WHAT NEEDS TO BE DONE> Each line from the one holding "Cole Haan Juliana" to the last line below must be restated word for word, and no picture may be included.

DATASET EXTRACT>
===============
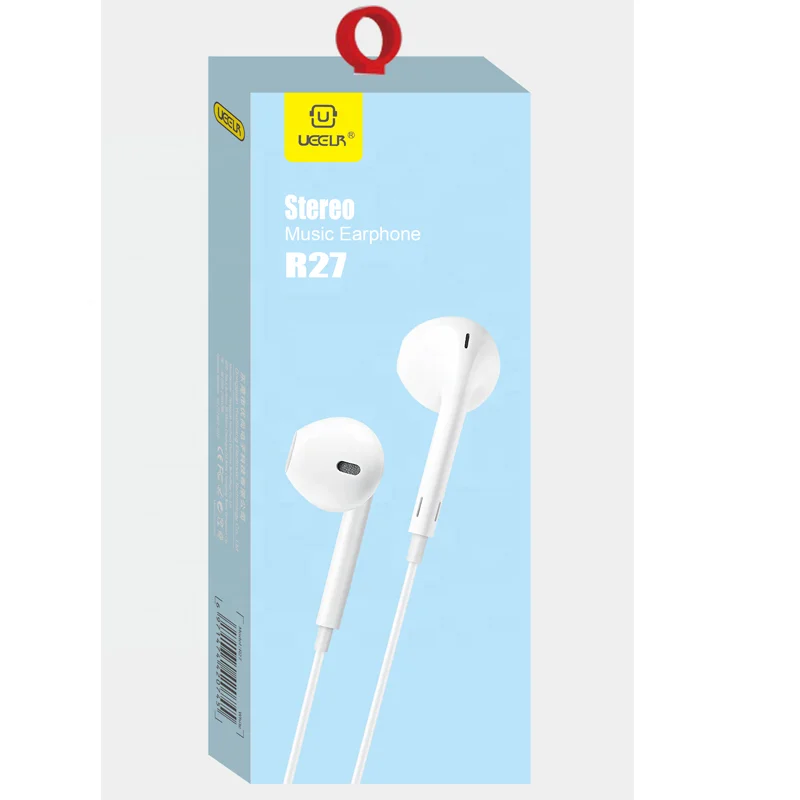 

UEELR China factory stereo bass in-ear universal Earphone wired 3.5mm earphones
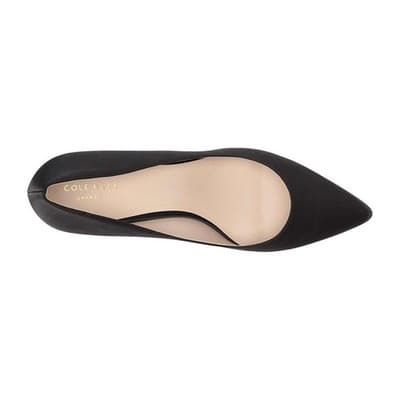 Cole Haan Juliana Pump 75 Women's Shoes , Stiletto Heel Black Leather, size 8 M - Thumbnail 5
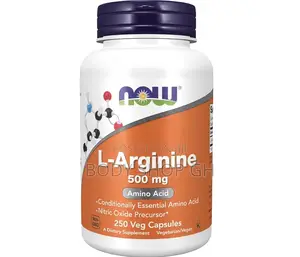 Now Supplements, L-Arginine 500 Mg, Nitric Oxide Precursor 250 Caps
===============
SOLVED PROBLEM>
 Cole Haan Juliana Pump 75 Women's Shoes , Stiletto Heel Black Leather, size 8 M - Thumbnail 5
 Now Supplements, L-Arginine 500 Mg, Nitric Oxide Precursor 250 Caps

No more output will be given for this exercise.